Al Jazeera’s senior political analyst Marwan Bishara said the meeting was an attempt by Macron to advance France’s economic and strategic interests.
“Macron is seeking to advance French interests in Egypt and in Africa – everything else is beside the point, especially his conversation about human rights,” he said.
“While it’s commendable that Macron would say the human rights record in Egypt is deteriorating … none of the words and declarations he put out there are actionable.”
Shortly after his arrival in Egypt on Sunday, Macron said he would talk “more openly” with Sisi on human rights.
“Things have got worse since October 2017” when Sisi visited Paris, said Macron, referring to the human rights situation in the north African country.
Sisi’s government is seen by civil society as “more hardline than the regime of [Hosni] Mubarak”, he said, referring to the longtime president who was deposed during 2011 Arab Spring uprising.
“My line is: Stability and respect for sovereignty. But what is happening here threatens” Egypt’s stability, Macron said.
Sisi told reporters on Monday that rights should be taken in the context of regional turbulence and the fight against terrorism.

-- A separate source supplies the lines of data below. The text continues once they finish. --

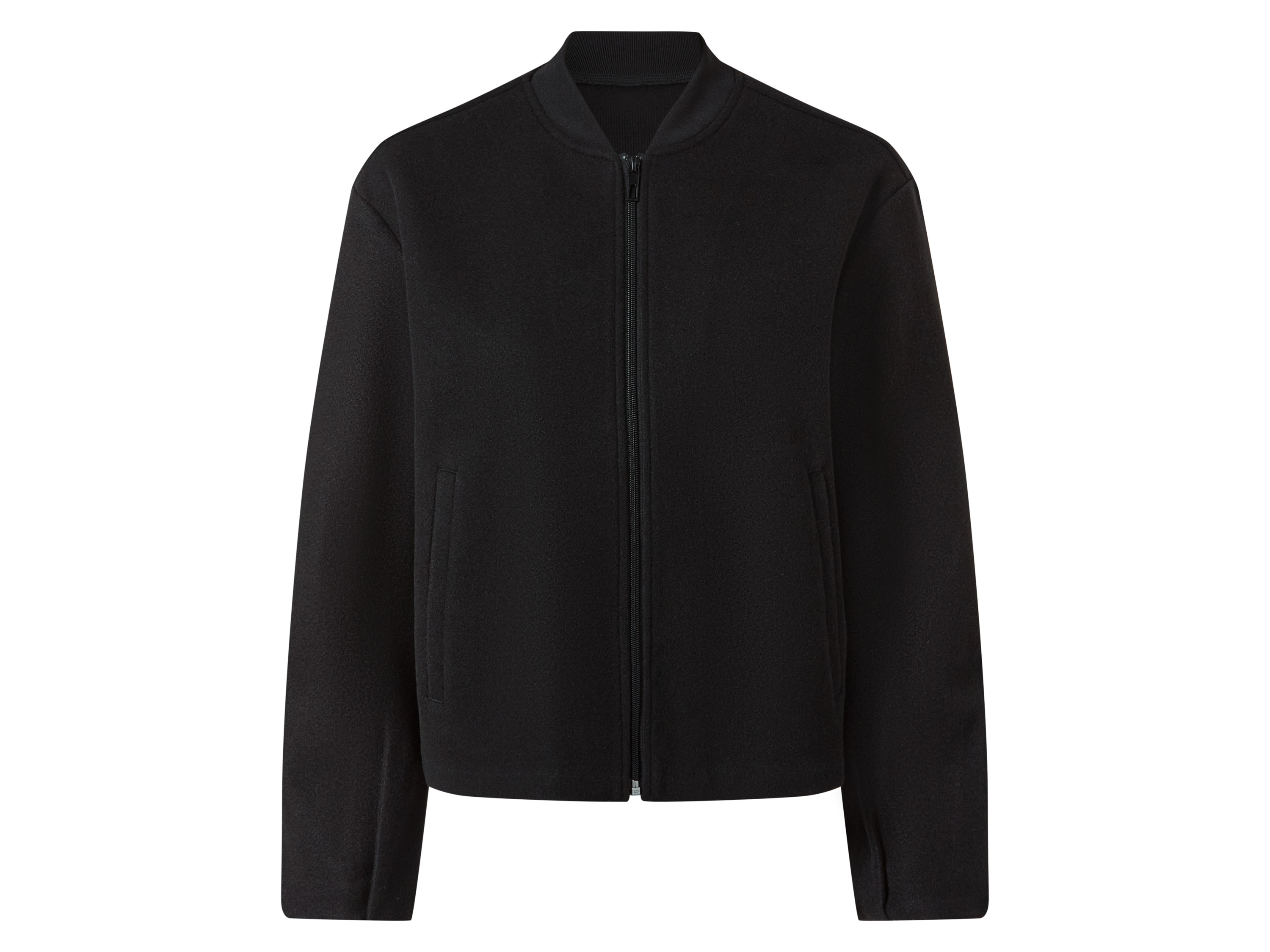 esmara® Dámský bomber (černá, L(44/46))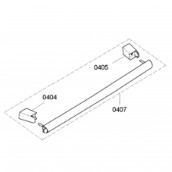 Original handle (reference 0407)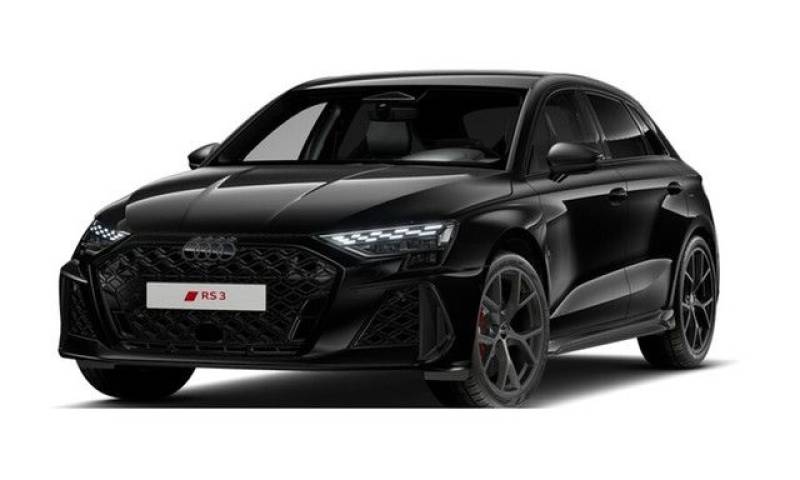 Audi RS 3 Sportback quattro UPE 85.950,00 EUR Sportab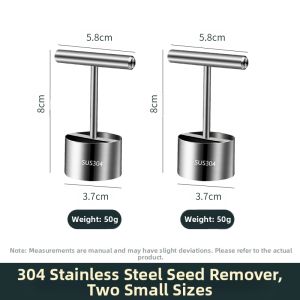 Plys | Stainless Steel Fruit Core Remover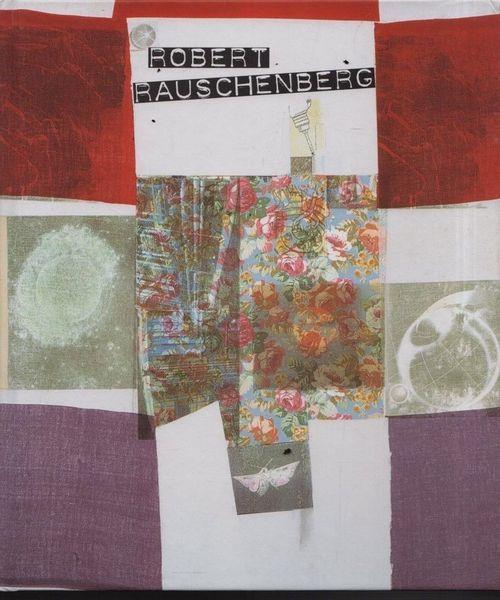 Robert Rauschenberg - Mercurio - copertina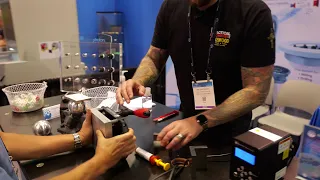 WEIRD PARTS THIS IS THE WAY TO WORKHOLD 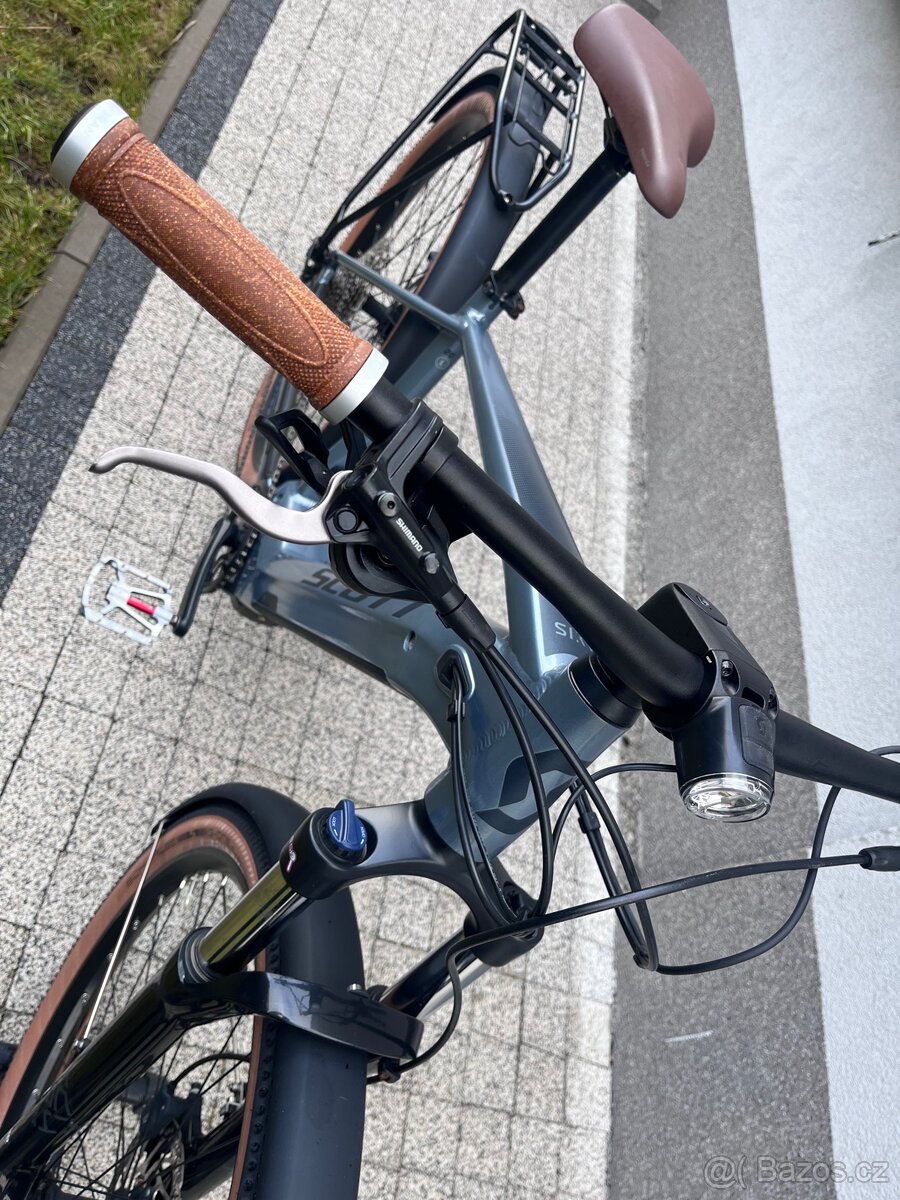 Scott Axis eRide velikost L - 7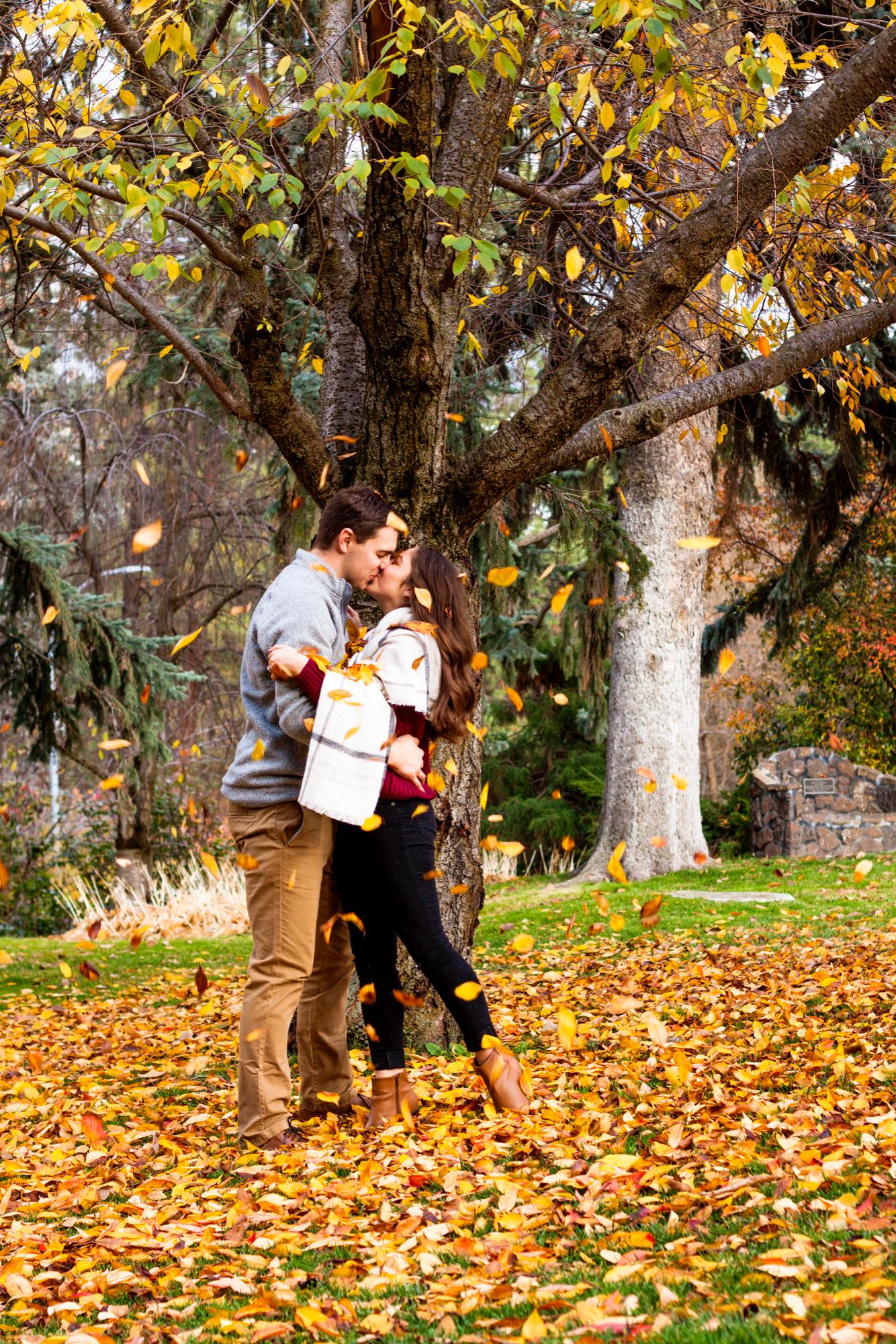 Thank you to our friend, Tanya Brownlee, for taking our engagement photos. We love them!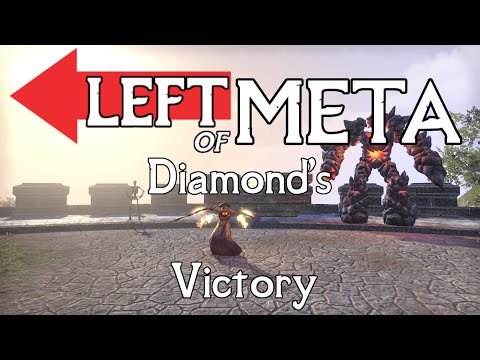 Left of Meta: Diamond's Victory! Best Crafted Set Ever?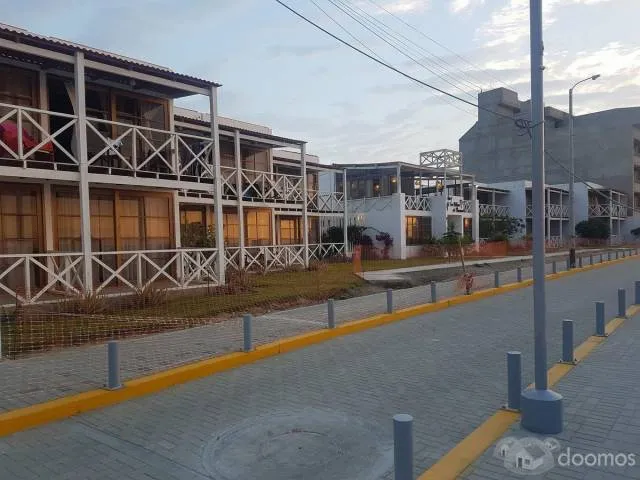 Se Vende Hotel Los Delfines De Chicama - 14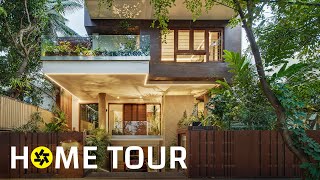 Luxury Vastu House Kanasu in Bengaluru Karnataka  Technoarchitecture Home Tour [upl. by Lika]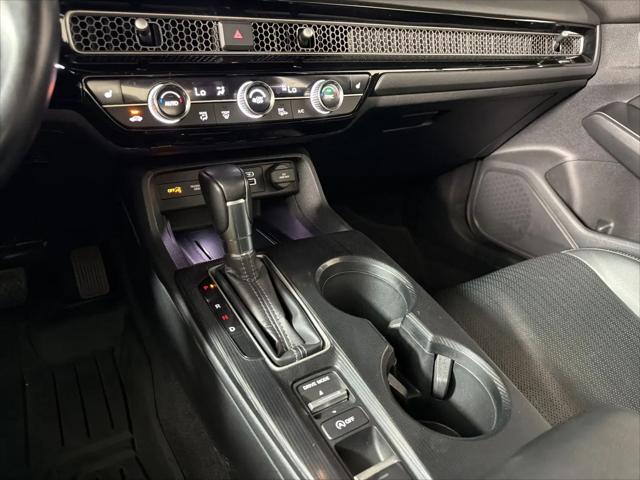 2022 Honda Civic Touring
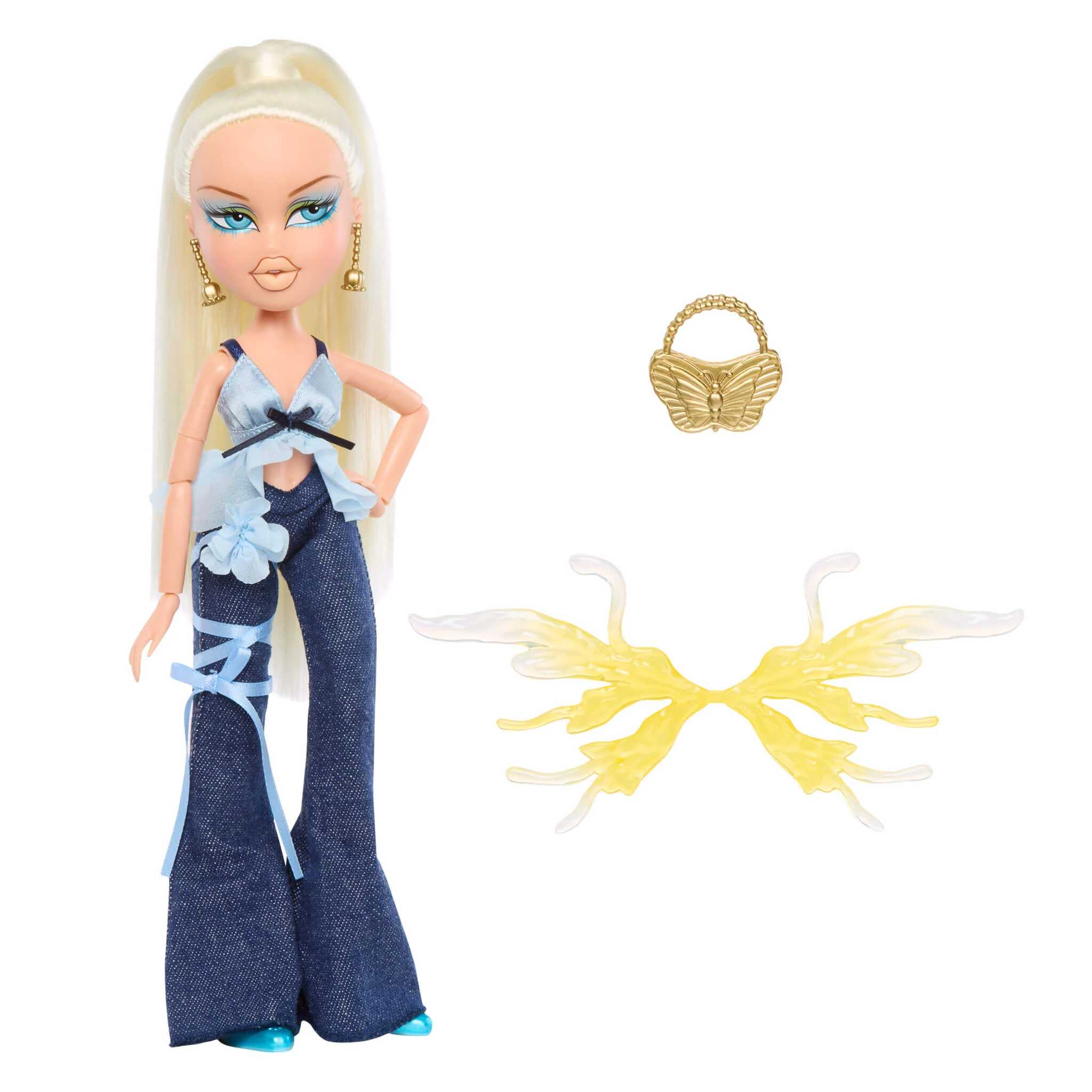 Bratz Fashion Pixiez Reimagined Doll Cloe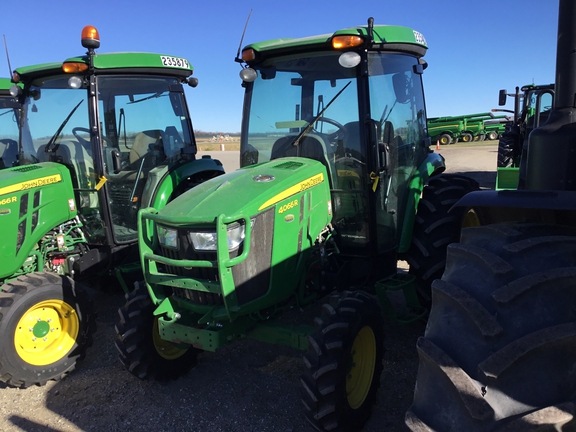 2023 John Deere 4066R Tractor Compact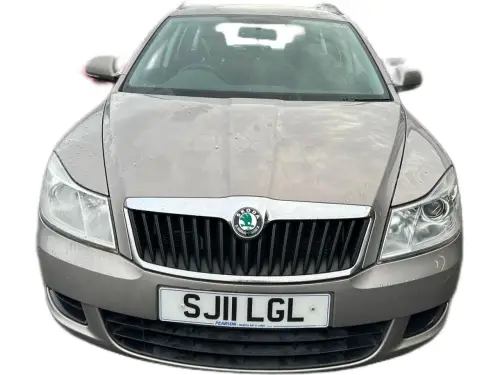 Škoda Octavia SJ11 LGL
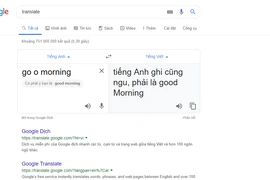 Google Dịch 'chửi sấp mặt' người dùng, CĐM dậy sóng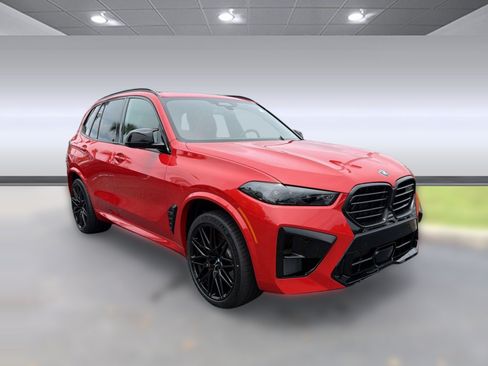 New 2026 BMW X5 M Competition w/ Executive Package AWD/4WD image 7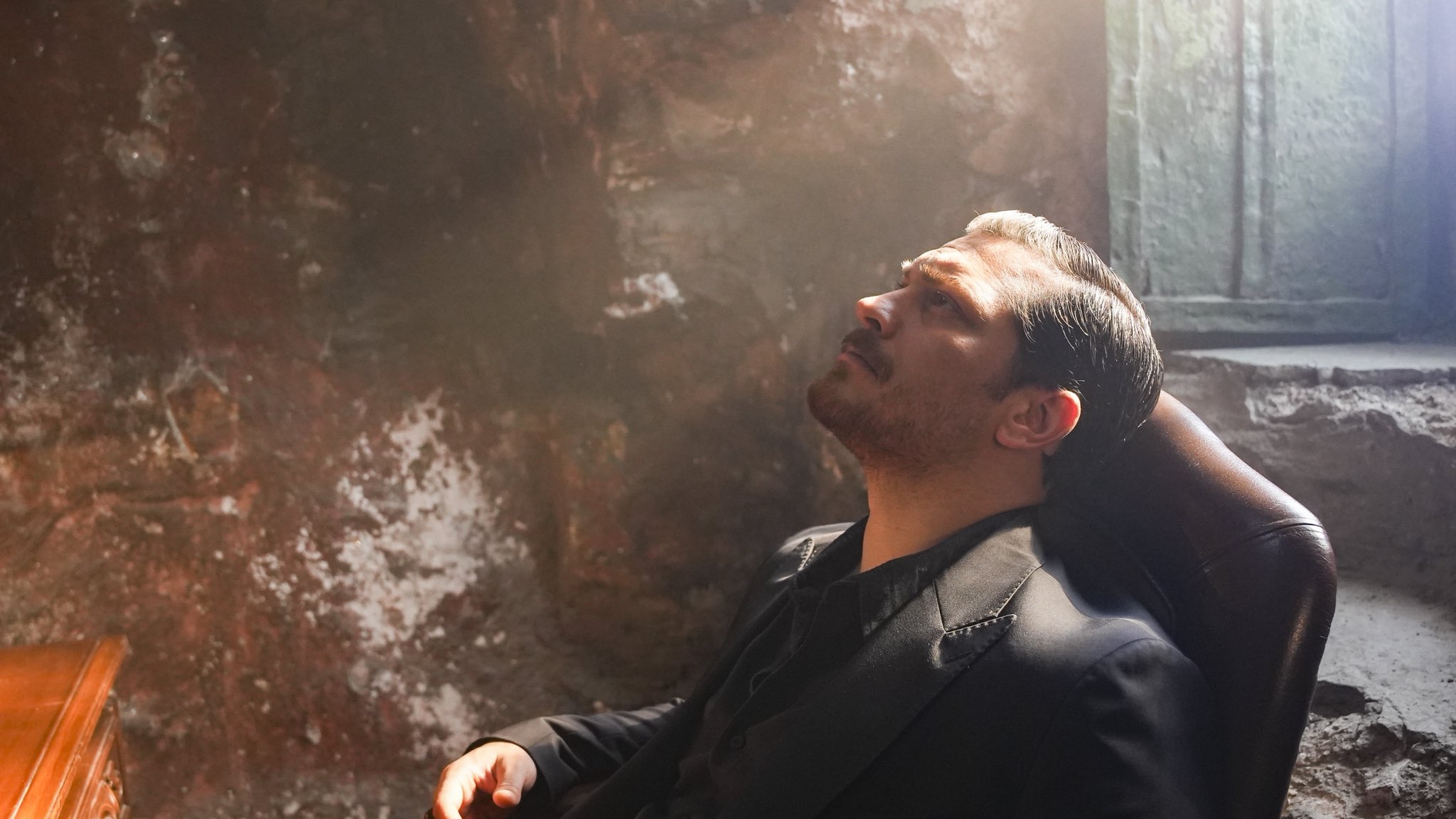 TUFAN, POLİSİN ELİNE DÜŞÜYOR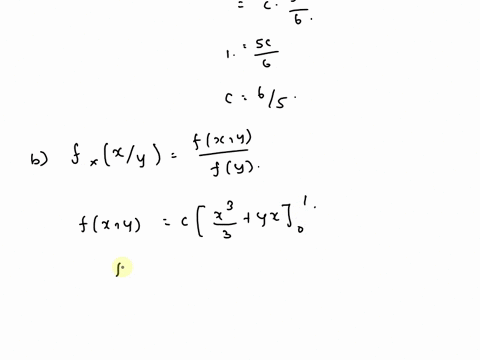 3-bopts-suppose-that-random-variables-x-and-y-have-the-following-joint-pdf-fxxcy-xrv-0-t-10-y-1-0-otherwsie-where-c-is-a-constant-a-find-the-value-of-constant-b-find-the-conditional-pdf-fxrl-05356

“We’re not like Europe, nor the United States, we are a country or a region that has its own characteristics,” said Sisi.
“Egypt does not advance through bloggers. It advances through the work, effort and perseverance of its sons.”
Sisi led the overthrow of Egypt’s first democratically elected president, Mohamed Morsi, of the Muslim Brotherhood in mid-2013.
The state has since arrested thousands of dissidents, including activists and journalists, as well as Muslim Brotherhood supporters. Egypt has also been accused of arbitrary detention, disappearances and torture, and has silenced most independent media.
In an interview this month Sisi denied Egypt was holding political prisoners, though one rights group estimates the number at 60,000.
Authorities say they are fighting terrorism and trying to restore stability after years of unrest.
Macron said that too many ordinary people “who do not threaten the regime’s stability” have been jailed.
Rights groups and activists have urged France and other Western powers to halt weapons sales to Egypt, a major purchaser, until it improves its human rights record. But Macron dismissed suggestions that French weapons in Egypt were being used against civilians, saying they had only been used for military purposes.
He also said no potential new military contracts were talked about during the meeting with Sisi beyond a possible deal for 12 fighter jets.
The two had met in 2017, when rights groups demanded Macron raise allegations of torture and political repression in Egypt. Back then, Macron said it was not up to him to “lecture” Egypt on civil liberties.
French officials say Egypt is a key strategic partner for promoting stability and security in the region, including in Libya, which Macron has put at the top of his foreign policy agenda.
According to Bishara, the French leader also tried to discuss the future of Libya with Sisi, “especially the future of renegade general Khalifa Haftar” as well as the security situation on the Libya-Chad border.
Macron is expected to end his three-day visit on Tuesday.
During Macron’s trip officials signed 40 trade deals and development agreements worth an estimated total of 1.6 billion euros ($1.8bn), covering sectors including transport, energy, health and telecoms, Egypt’s investment ministry said in a statement.
Other deals signed include French support for social policies and female entrepreneurship, and a memorandum of understanding for the expansion of Cairo’s metro.